The National Gallery of Australia unveils Body Sculpture, the highly anticipated new work by Los Angeles-based artist Jordan Wolfson and a major acquisition for the national collection. This is the world premiere of Body Sculpture and the first solo presentation of Wolfson’s work in Australia.
Jordan Wolfson is an American artist whose work reflects the conditions of the world today. His animatronic sculptures reside at the interface of art history and new technology, drawing from a formal lineage of twentieth-century sculpture as well as images and motifs from the mass media, popular culture and the internet.
As with Wolfson’s previous animatronic works Female Figure, 2014 and Colored Sculpture, 2016, this new work combines sculpture and performance to generate emotional and physical responses in the viewer.
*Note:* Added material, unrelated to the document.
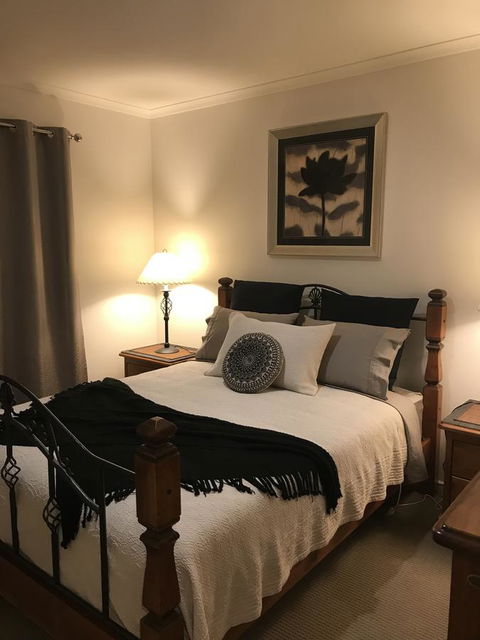 Black Lotus Townhouse - Hervey Bay Accommodation 4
Wolfson’s art positions the audience in a physical and moral confrontation with issues facing society and our own place within them, acting as a witness to the darkness within the human condition. As the artist says: “The intention is that the movement of Body Sculpture elicits the viewer to become activated in their bodies and therefore present….It’s about seeing ourselves through three‑dimensional objects, which is what I believe sculpture as doing.”
The acquisition of Body Sculpture builds on the National Gallery’s legacy of collecting groundbreaking works. Along with Wolfson’s earlier animatronic sculptures, which have become defining works of the past decade, Body Sculpture pushes the boundaries of what is expected from a work of art by combining performance, sculpture, robotics and sound to create compelling and unsettling experiences.
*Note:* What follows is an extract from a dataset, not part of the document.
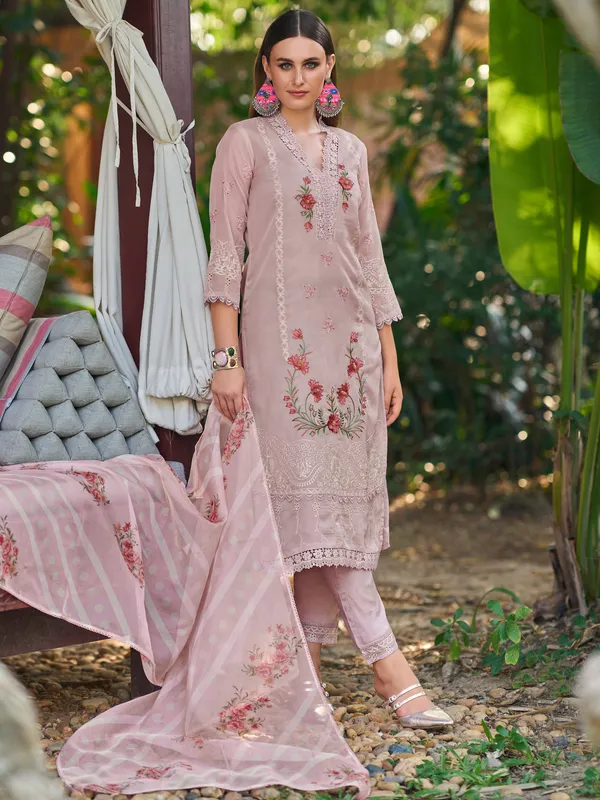 Pink_Embroidered_Silk_Blend_Kurta_Trouser_Dupatta_Set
Body Sculpture extends this experience in terms of scale, duration and complexity. Fusing abstraction and figuration, the work explores the potential of sculpture as an object in space. Its interacting robotic elements perform an intricate choreography that questions the intersection between human and machine, between embodiment and symbolism, and between object and viewer.
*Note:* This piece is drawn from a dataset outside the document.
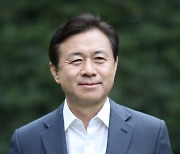 김영춘 전 장관, 신간 '고통에 대하여' 온라인 출판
Jordan Wolfson: Body Sculpture is open now and runs until Sunday 28 April 2024. Body Sculpture is shown alongside key works from the national collection selected by the artist, offering audiences further insights into Wolfson’s innovative vision.
The exhibition is also accompanied by an illustrated publication that explores robust ideas and positions the work within diverse contexts, including art history, cybernetics and media theory.
Russell Storer, Head Curator, International Art
About Jordan Wolfson
Jordan Wolfson (b. 1980) is known for his thought-provoking works in a wide range of media, including video, sculpture, installation, photography and performance. Pulling intuitively from the world of advertising, the internet, and the technology industry, he produces ambitious and enigmatic narratives that frequently revolve around a series of invented, animatronic characters. Through his art, Wolfson probes difficult topics and themes that underlie American culture and contemporary society.
Wolfson was born in 1980 in New York and lives and works in Los Angeles. In 2003 he received a Bachelor of Fine Arts in sculpture from the Rhode Island School of Design, and in 2009 he received the Frieze Foundation’s Cartier Award, which assists an artist from outside the United Kingdom in realising a major work at the Frieze Art Fair in London. His institutional exhibitions worldwide include presentations at the Kunsthalle Zürich (2004); Galleria d’Arte Moderna e Contemporanea di Bergamo, Italy (2007); Swiss Institute, New York (2008); Kunstsammlung Nordrhein-Westfalen, Düsseldorf, Germany (2011); Kunsthalle Wien, Vienna (2012), the Stedelijk Museum voor Actuele Kunst, Ghent, Belgium (2013) and Kunsthaus Bregenz (2022). In 2016, the Stedelijk Museum, Amsterdam, hosted a two-part solo survey exhibition, MANIC/LOVE/TRUTH/LOVE. In 2018, the Broad, Los Angeles, presented Wolfson’s decade-defining sculpture Female Figure (2014) and the Tanks at Tate Modern hosted the inaugural London presentation of Colored Sculpture (2016).